* **Activity**: Give again, exactly and only, the lines running from the one with "For the C-mount" to the end of the material below; leave out pictures.

* **Given data**:
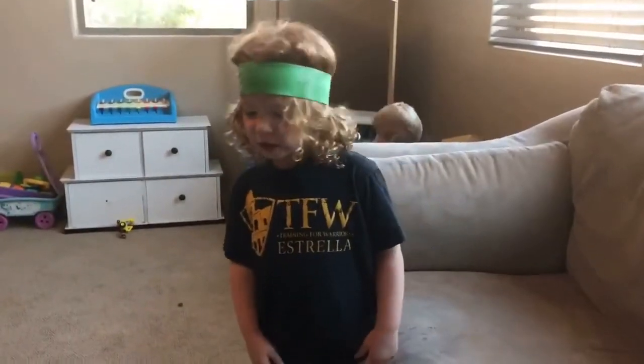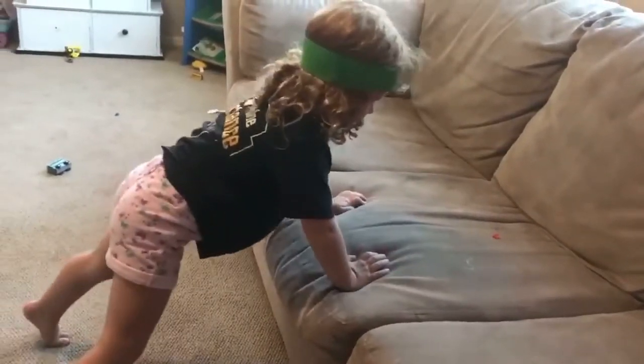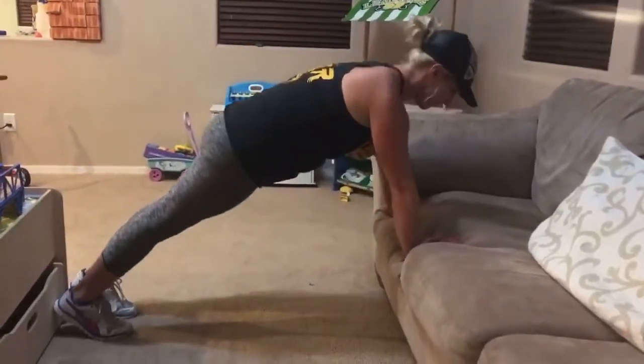Step one or two — there's a low calf push-up. This one is a little bit harder. Down. Up. Down. Down.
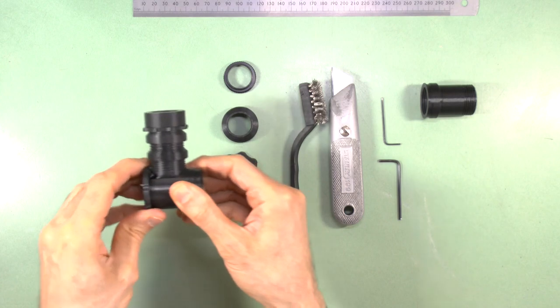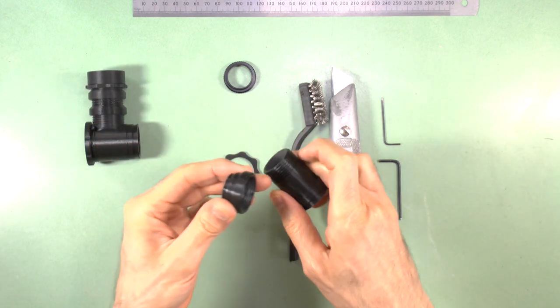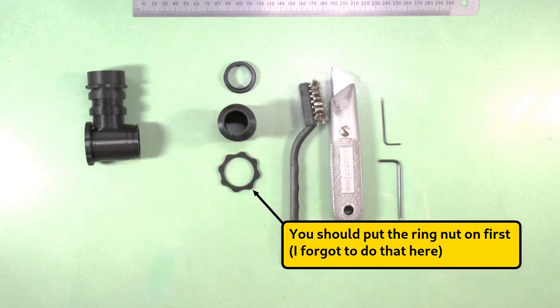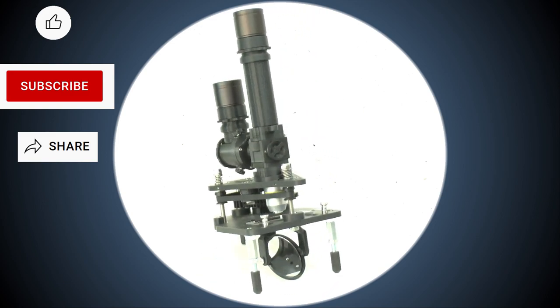For the C-mount system, simply thread the C-mount extension fully onto the modified C-mount ocular thread. Your trinocular camera port assembly is now complete and ready to use.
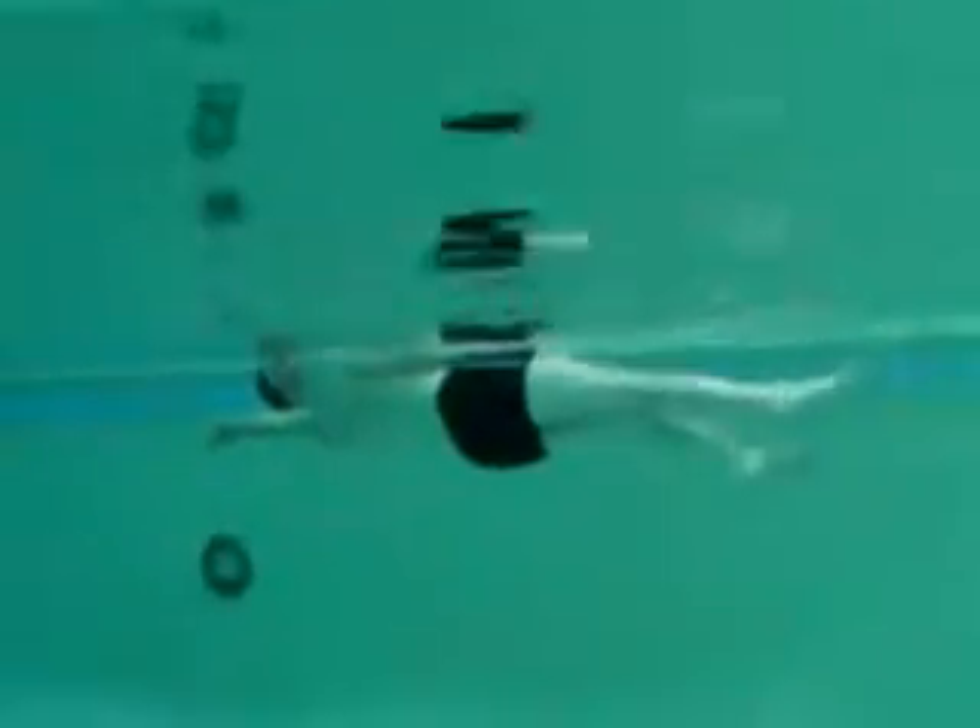A popular stroke drill that I teach is the high elbow shoulder stroke. As you can see, the experienced swimmer takes a stroke that is deep and powerful and creates a nice line to the left, right, left, and rolls to air easily.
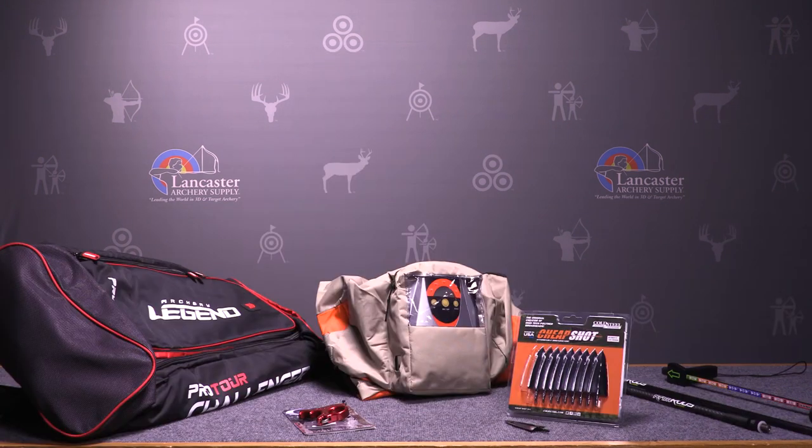That's what we've got this month in the way of new arrivals and special deals for June 2017. We appreciate you watching — give us a thumbs up if you like this video. If you want to see more videos about anything to do with archery, whether special deals or informational educational videos, be sure to hit the subscribe button on our YouTube page. If you have any questions, check us out at LancasterArchery.com.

* **Solved problem**:
For the C-mount system, simply thread the C-mount extension fully onto the modified C-mount ocular thread. Your trinocular camera port assembly is now complete and ready to use.
A popular stroke drill that I teach is the high elbow shoulder stroke. As you can see, the experienced swimmer takes a stroke that is deep and powerful and creates a nice line to the left, right, left, and rolls to air easily.
That's what we've got this month in the way of new arrivals and special deals for June 2017. We appreciate you watching — give us a thumbs up if you like this video. If you want to see more videos about anything to do with archery, whether special deals or informational educational videos, be sure to hit the subscribe button on our YouTube page. If you have any questions, check us out at LancasterArchery.com.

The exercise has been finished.